In recent years, radical Islamists have embarked on suicide murder missions with the absolute conviction that they will be rewarded with a place in a Muslim paradise. The 60 percent of Muslim Americans who, according to a recent Pew Poll, do not accept the fact that the 9/11 terrorist attacks were carried out by Muslim Arabs, are deluded. Like the Christian Crusades, Islamist terror attacks are deeply involved with a form of religion that forsees an eternal reward for dastardly crimes against humanity.

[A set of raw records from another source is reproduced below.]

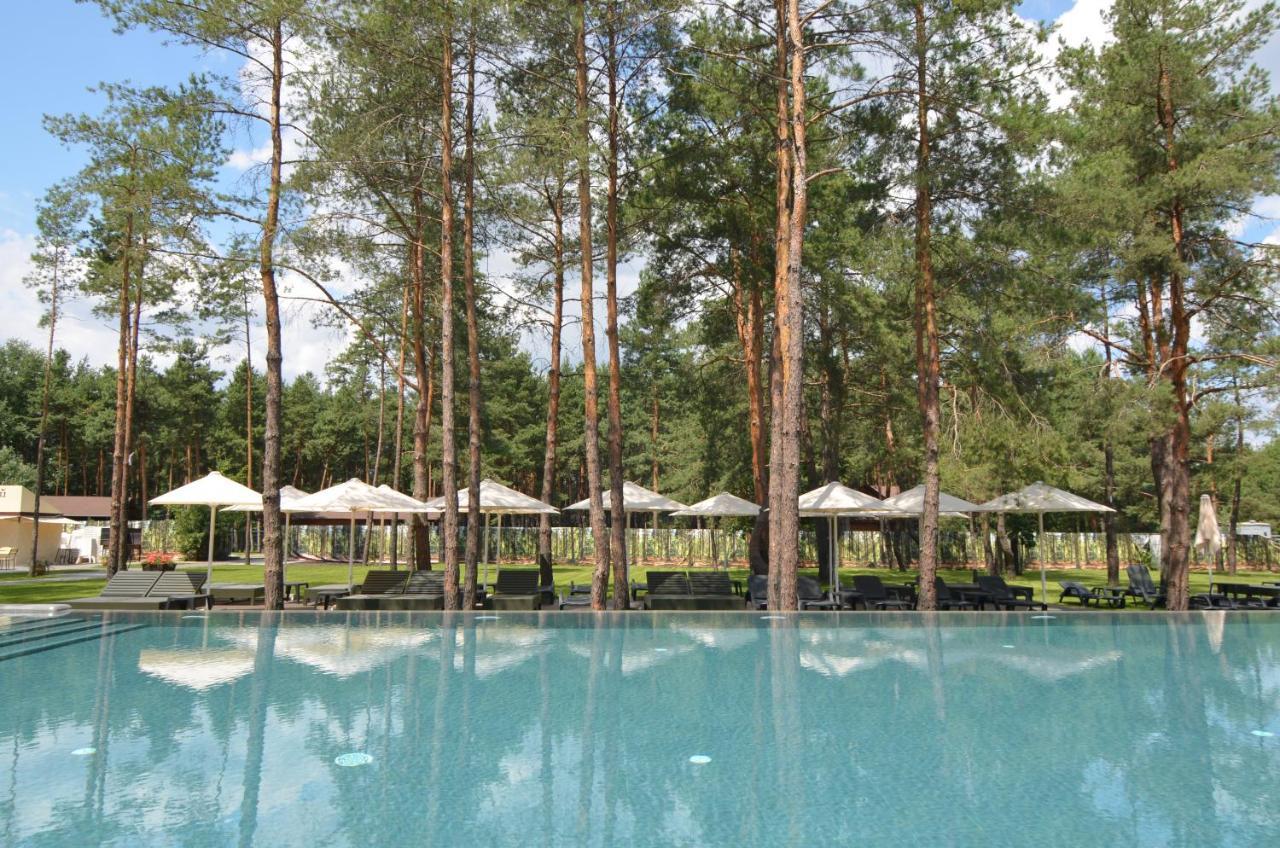 Sobi Hotel Вышгород Экстерьер фото
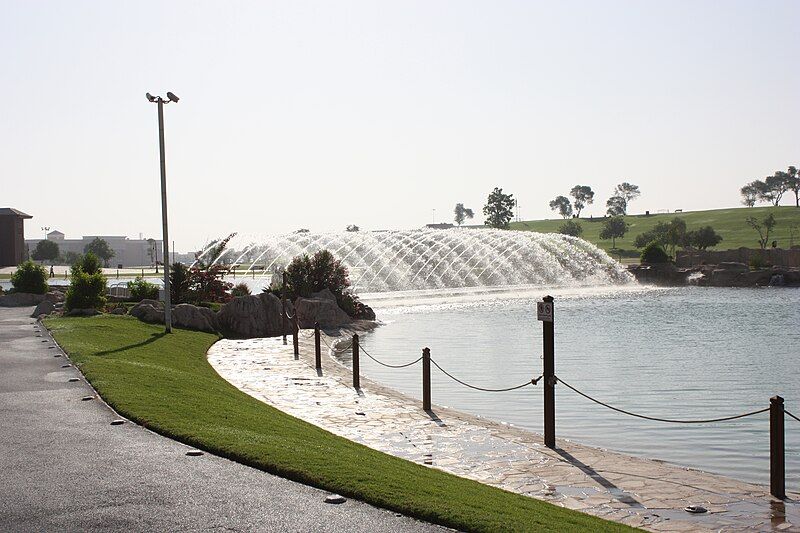 File:Aspire Park Fountain.jpg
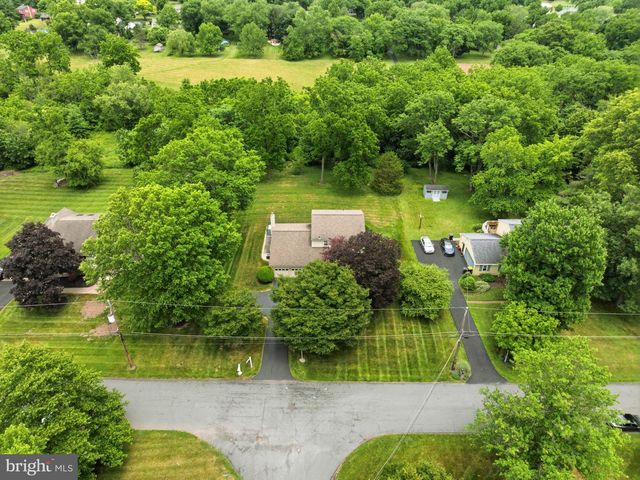 214 BROOKSIDE CIR, Harleysville, PA 19438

I know that indignant readers will claim that none of these crimes have anything to do with the "real" Christianity or the "real" Islam. They don't have anything to do with modern, moderate forms of Christianity or Islam, but they have everything to do with retrograde expressions of religions that preach, among other things, the doctrine of eternal damnation for unbelievers and infidels. And these retrograde religious forms are on the rise in the world. They are every bit as "real" as religion based on earthly, loving kindness--something that promoters of religion as an unqualified good never want to admit.
(There were many others who posted. Among these most notably was NT Wright, who used the question as a means to get into a theological discussion about the difference between heaven and the Bible's prophesied New Heavens and New Earth. His entry does not break down to a sound bite easily, but it shows the distance than can emerge between Christian theologians who are examining the same texts and finding markedly different points of emphasis -- resulting in a different conclusion: "God's new world will not have in it 'a concentration camp in the midst of a beautiful landscape', as some earlier visions of 'hell' have supposed, but rather the celebration (1 Corinthians 20.28) that 'God will be all in all'." )

1 comment:
Thanks for the summaries.
It's astonishing to me how much people can say about things they have absolutely no experience of. Indeed, no one has any experience of. It seems these folks are mostly talking about ideas, usually their own ideas molded by years of listening to similar talk. I guess anybody can be any expert on their own ideas.